I'm still not sure if Lawness is asking if a necessary condition and a sufficient condition can happen simultaneously (meaning that if these things were really happening, could they happen at the same time or does one have to come first), or if (s)he's asking if a necessary condition can also be a sufficient condition and vice versa--but here's something that might help regardless. Logically speaking, 'necessary' and 'sufficient' are pretty much technical terms that refer to the logical relationship between two sentences/ideas, rather than to the actual relationship of whatever is being discussed. In other words, here's a sentence:
If I have gas in my tank, then my car will run.
Even though in real life, it would be more accurate to say that gas is necessary for my car to run, in that sentence 'gas in my tank' is the sufficient part and 'my car will run' is the necessary part. This is because 'necessary' just means "this is necessarily true if the other part is true"--which is what the conditional means.

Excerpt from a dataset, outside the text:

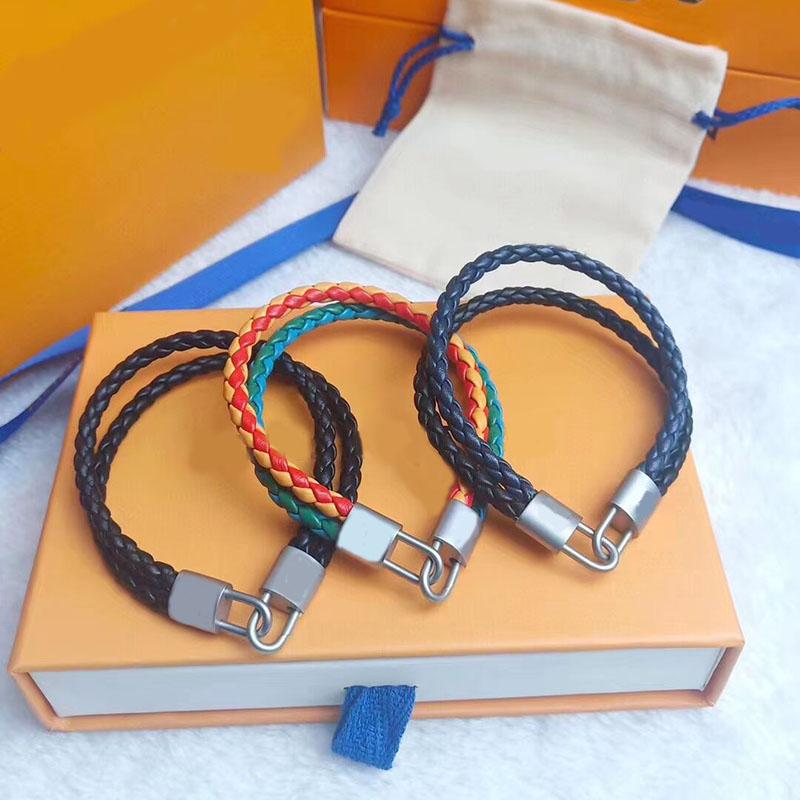 

New Fashion Lock Hand Rope Leather Bracelets For Mens and Women Party Wedding Jewelry Lovers Gift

And 'sufficient' just means "the truth of this statement is enough to guarantee the truth of this other statement". The two statements that make up a conditional don't have to have any sort of realistic relationship at all--I can slap any two statements or ideas together and form a conditional, and one part will still be the sufficient part and the other the necessary part--so it might be easier not to think about how the statements are related to eachother in a real-life sense--because all any conditional really means is "if this is true, then that is true" -- why or how they are related to each other doesn't matter at all.
I was really asking if they can occur in real life terms simultaneously because I was trying to make sense of the two with a real world example. It helps to think of the two instances/events in logical terms and without subscribing meaning to them. For diagramming purposes, the sufficient condition ALWAYS comes first, right? At least that is what LRB says.